Task to carry out
Set down, exactly as they stand, the lines from the one containing "黄色91视频下载入口厂家哪家好" through the last line of the records below, leaving every picture out.

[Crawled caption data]
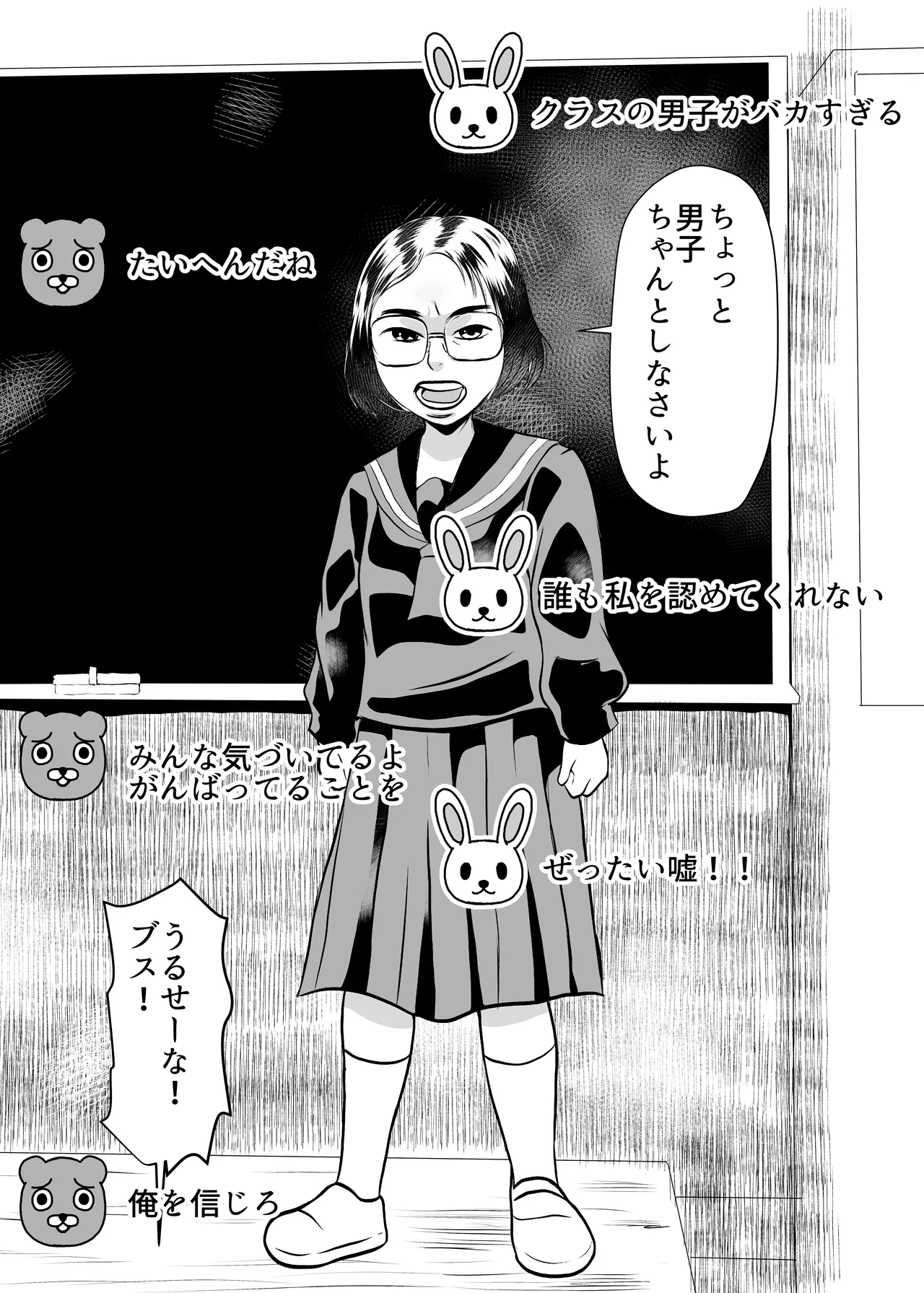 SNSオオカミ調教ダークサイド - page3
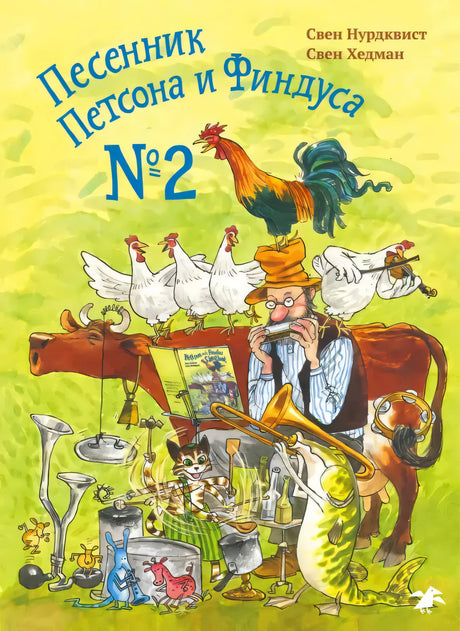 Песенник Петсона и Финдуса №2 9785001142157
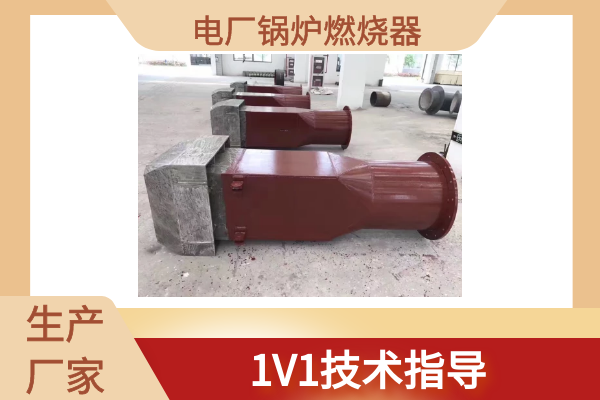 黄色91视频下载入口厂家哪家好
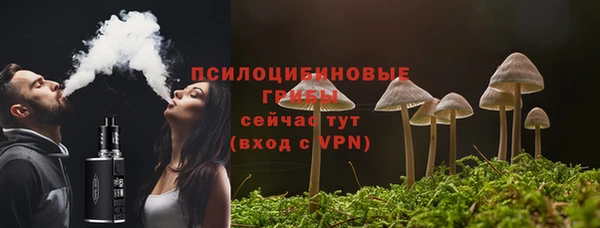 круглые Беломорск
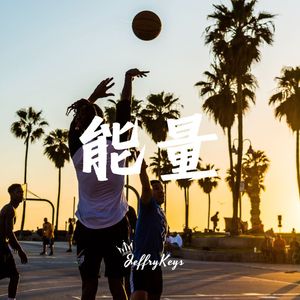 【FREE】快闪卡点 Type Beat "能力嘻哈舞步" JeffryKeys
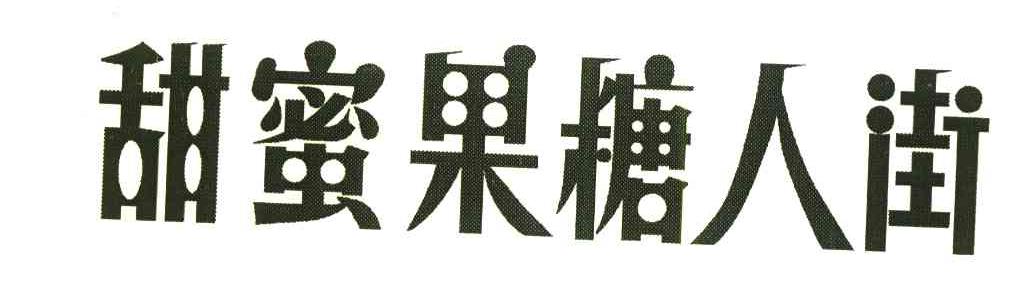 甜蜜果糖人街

Result below
 黄色91视频下载入口厂家哪家好
 круглые Беломорск
 【FREE】快闪卡点 Type Beat "能力嘻哈舞步" JeffryKeys
 甜蜜果糖人街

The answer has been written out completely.